19/08/2023
Thank you for this, so simple but effective. remember if you’re feeling overwhelmed, anxious or distressed talk to someone , parenting can be a hard job sometimes.
Containing Distress: How to help your baby even if you can’t stop the crying
Parents often say to us that there’s nothing they can do to help their crying baby. While you may not be able to stop the crying, there are absolutely things you can do – things to help your baby feel safe and reassured.

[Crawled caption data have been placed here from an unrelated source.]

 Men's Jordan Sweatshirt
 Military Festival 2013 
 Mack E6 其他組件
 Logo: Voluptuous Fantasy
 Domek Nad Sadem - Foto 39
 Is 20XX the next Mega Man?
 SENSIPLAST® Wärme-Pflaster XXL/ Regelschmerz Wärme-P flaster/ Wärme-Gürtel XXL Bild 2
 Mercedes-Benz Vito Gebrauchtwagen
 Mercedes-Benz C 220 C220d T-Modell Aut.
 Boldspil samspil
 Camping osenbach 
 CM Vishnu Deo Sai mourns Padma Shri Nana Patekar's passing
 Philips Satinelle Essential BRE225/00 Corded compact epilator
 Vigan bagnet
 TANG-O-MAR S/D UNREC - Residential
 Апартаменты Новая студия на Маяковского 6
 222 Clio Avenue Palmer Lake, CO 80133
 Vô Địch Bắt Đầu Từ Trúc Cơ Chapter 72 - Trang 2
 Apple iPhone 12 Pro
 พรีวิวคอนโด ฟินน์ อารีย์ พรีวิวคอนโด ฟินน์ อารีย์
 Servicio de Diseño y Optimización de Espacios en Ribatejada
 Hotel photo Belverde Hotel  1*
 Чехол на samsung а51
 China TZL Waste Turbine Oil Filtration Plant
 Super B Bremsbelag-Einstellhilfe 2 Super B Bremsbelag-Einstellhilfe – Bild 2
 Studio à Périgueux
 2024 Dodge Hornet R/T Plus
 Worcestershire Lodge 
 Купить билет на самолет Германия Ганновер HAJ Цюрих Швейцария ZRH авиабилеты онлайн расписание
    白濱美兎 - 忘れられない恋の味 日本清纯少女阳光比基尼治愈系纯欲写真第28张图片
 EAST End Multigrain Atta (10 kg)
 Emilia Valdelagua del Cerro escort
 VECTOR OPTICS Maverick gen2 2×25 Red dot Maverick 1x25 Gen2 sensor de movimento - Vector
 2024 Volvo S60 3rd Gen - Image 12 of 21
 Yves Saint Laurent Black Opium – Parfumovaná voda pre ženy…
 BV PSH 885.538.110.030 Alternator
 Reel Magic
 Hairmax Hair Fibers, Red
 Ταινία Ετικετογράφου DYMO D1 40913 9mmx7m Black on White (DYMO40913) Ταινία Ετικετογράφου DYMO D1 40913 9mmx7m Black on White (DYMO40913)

Sometimes babies feel frightened, overwhelmed and out of control. It can be distressing for them to feel such powerful emotions when they are only beginning to experience the world. It can also be distressing for you to witness their distress – it is hard not to be affected by it. At these times, you are able to help your baby get her sense of meaning and contain her distress when you identify and reflect on her emotional state. Thinking about her experience provides containment and helps a baby feel safe. Of course, your baby will also need you to soothe her by holding her close, swaddling her, speaking gently with her, rocking her and any other strategies that work to calm her. But in all of these actions, an attempt to reflect on her experience and empathise can be felt by her as containing. Your efforts to ease the crying may not bring about a consoled baby – she may remain distressed. At these times, your understanding and hanging in there with her can be very reassuring, even when she remains distressed. At these times, she will experience that you do not leave her alone to deal with her difficult feelings.
Tolerating your baby’s distressing feelings, as well as your own, helps her cope. If she repeatedly experiences your ability to identify with her distress and to tolerate it, she comes to learn that distress can be tolerated. Containing her this way helps her learn to contain and soothe herself over time. She learns that it is possible to tolerate the distress she is experiencing which helps her feel safe. She learns that bad feelings pass and good feelings can return. Leaving yourself as open as possible to understand what she is communicating and then responding appropriately gives your baby the experience of being understood and comforted. This is containing for her.